Ardoise d'école avec mention

Se séparer d'un collaborateur n'est jamais facile. Respecter la procédure de licenciement et les droits du salarié est sans doute la meilleure façon de s'y préparer.

Si la décision de licenciement est inéluctable et que tout a été mis en œuvre pour l'éviter, il faut tenter de gérer cette situation difficile le plus humainement possible. Quelles sont les conduites à tenir ?


Gérer les émotions

« Selon le type de licenciement, l'employeur peut rencontrer deux types de sentiments », explique Marc Canaple, juriste et auteur du Guide du licenciement*. « Un sentiment d'injustice en cas de motif économique, ou un sentiment de colère en cas de motif personnel. »
L'employeur doit alors adopter un ton neutre, sans agressivité ni fausse compassion.
« Face à cette situation difficile à gérer, la loi a tenté d'objectiver la procédure pour essayer d'apaiser et d'atténuer les tensions », précise Marc Canaple. « Elle vise à placer les deux parties sur un terrain neutre, afin que le salarié ne se sente pas pris au piège. »

Respecter la procédure

Le licenciement d'un salarié doit ainsi respecter trois étapes spécifiques. La convocation à un entretien préalable, l'entretien préalable proprement dit et la notification de licenciement.
La convocation doit préciser au salarié qu'il est convoqué en vue d'un licenciement éventuel.
Lors de l'entretien, l'employeur doit exposer précisément les motifs pour lesquels il souhaite se séparer de son collaborateur. « Le but de cette étape est qu'il y ait un véritable échange entre les parties », précise le juriste.
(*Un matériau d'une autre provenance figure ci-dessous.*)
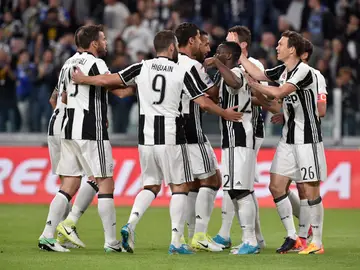 La Juventus celebrando un gol La Juventus celebrando un gol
Le salarié doit pouvoir s'expliquer.
La loi prévoit ensuite un délai de 2 jours minimum avant la notification de licenciement. Celle-ci doit être envoyée par lettre recommandée, et expliquer en détail les raisons du licenciement.

Devancer les réactions

Au cours de l'entretien, chacune des parties peut se faire assister :
- le salarié par un représentant du personnel ou un autre salarié,
- l'employeur par un membre de l'entreprise (supérieur hiérarchique du salarié, collègue…).
Si le salarié est agressif, le rôle du représentant du personnel est de le modérer.
Lui expliquer quels sont ses droits pour la suite (indemnités, allocations chômage, formation…) peut être un bon moyen de faire baisser la tension.

* En savoir plus : Le Guide du licenciement, éditions Delmas, octobre 2007. Marc Canaple est responsable du département Droit social à la Direction des études de la CCIP.